In de zaak, die in 2013 voor het eerst werd aangespannen in het kader van regelgevingsonderzoeken, worden grote financiële instellingen ervan beschuldigd dat zij van ten minste 2007 tot 2013 hebben deelgenomen aan een plan om de valutamarkt van 6 biljoen dollar te manipuleren.
Tot de overige gedaagden behoren Credit Suisse AG, samen met haar dochterondernemingen Credit Suisse Group AG en Credit Suisse Securities USA LLC, en Deutsche Bank AG en Deutsche Bank Securities Inc.
De advocaten van de banken en de aanklagers weigerden na de hoorzitting commentaar te geven.
Interim co-lead class counsel is Michael D. Hausfeld, Bonny E. Sweeney, Reena A. Gambhir, Timothy S. Kearns, Nathaniel C. Giddings, en Sarah R. LaFreniere van Hausfeld LLP, en David R. Scott, Joseph P. Gugliemo, Donald A. Broggi, Peter A. Barile III, Sylvia M. Sokol, Thomas K. Boardman, Christopher M. Burke, Walter W. Noss, Kristen M. Anderson, Stephanie A. Hackett en Jennifer J. Scott van Scott & Scott Attorneys at Law LLP.
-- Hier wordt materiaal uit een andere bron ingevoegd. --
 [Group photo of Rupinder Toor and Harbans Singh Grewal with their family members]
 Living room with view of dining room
Bank of Toyko-Mitsubishi UFJ Ltd. wordt vertegenwoordigd door Kenneth A. Gallo en Michael E. Gertzman van Paul Weiss Rifkind Wharton & Garrison LLP.
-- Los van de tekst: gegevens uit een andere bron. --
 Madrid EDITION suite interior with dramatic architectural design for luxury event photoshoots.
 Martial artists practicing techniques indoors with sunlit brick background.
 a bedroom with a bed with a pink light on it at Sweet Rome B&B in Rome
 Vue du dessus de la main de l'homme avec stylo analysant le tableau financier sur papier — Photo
Morgan Stanley en haar gelieerde ondernemingen worden vertegenwoordigd door Jonathan M. Moses en Bradley R. Wilson van Wachtell Lipton Rosen & Katz, en Kevin H. Marino en John Tortorella van Marino Tortorella & Boyle PC.
Société Générale wordt vertegenwoordigd door James R. Warnot Jr., Adam S. Lurie en Patrick C. Ashby van Linklaters LLP.
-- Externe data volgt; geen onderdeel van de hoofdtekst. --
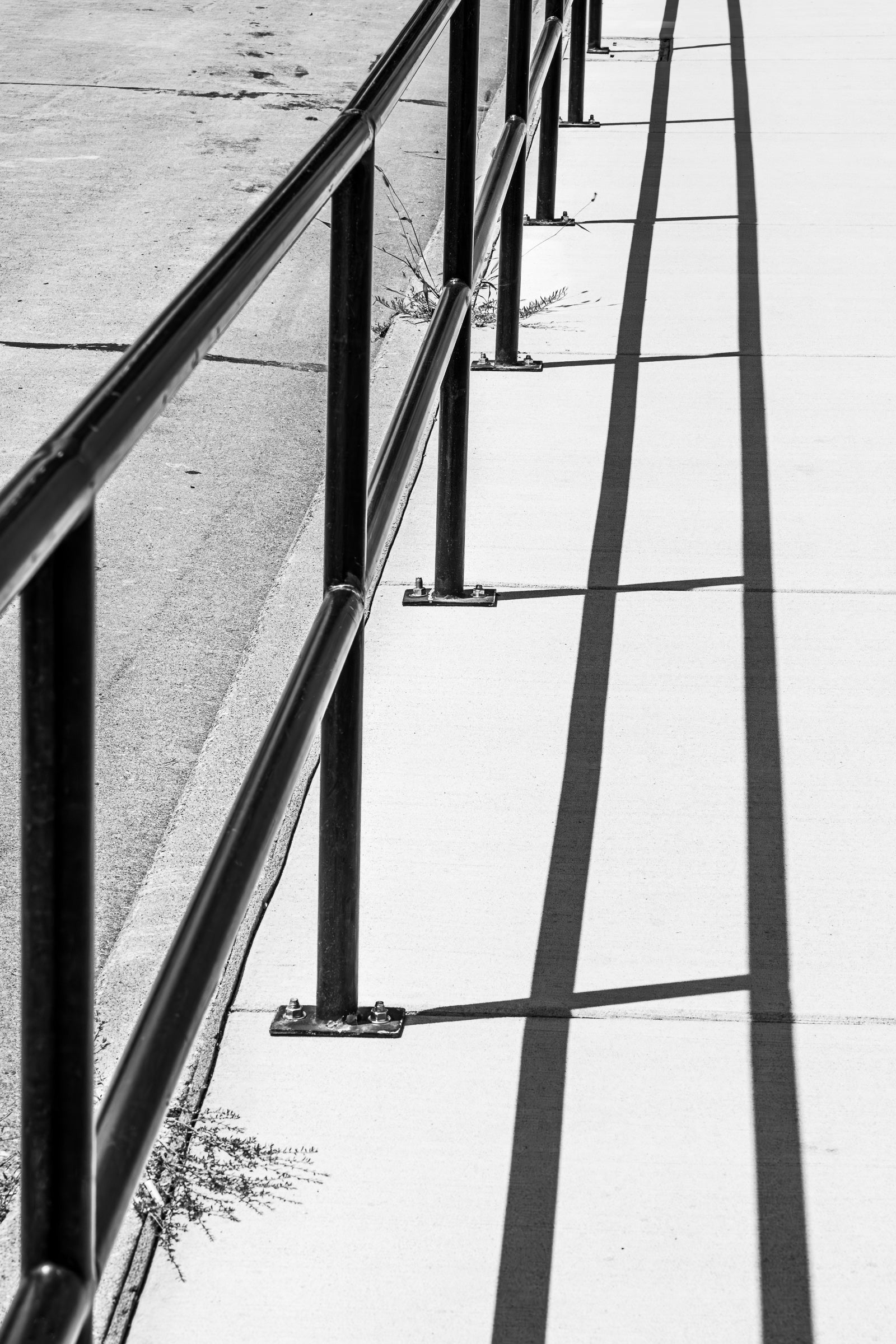 Black metal railing and perpendicular shadows on the sidewalk; photographer Rick Graves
RBC Capital Markets LLC wordt vertegenwoordigd door James P. McLoughlin Jr. en Neil T. Bloomfield van Moore & Van Allen PLLC.
Standard Chartered PLC wordt vertegenwoordigd door Andrew W. Stern, Nicholas P. Crowell en Alan M. Unger van Sidley Austin LLP.
De zaak is In re: Foreign Exchange Benchmark Rates Antitrust Litigation, zaaknummer 1:13-cv-07789, in de U.S. District Court for the Southern District of New York.
Aanvullende rapportage door Melissa Daniels. Bewerking door Jack Karp.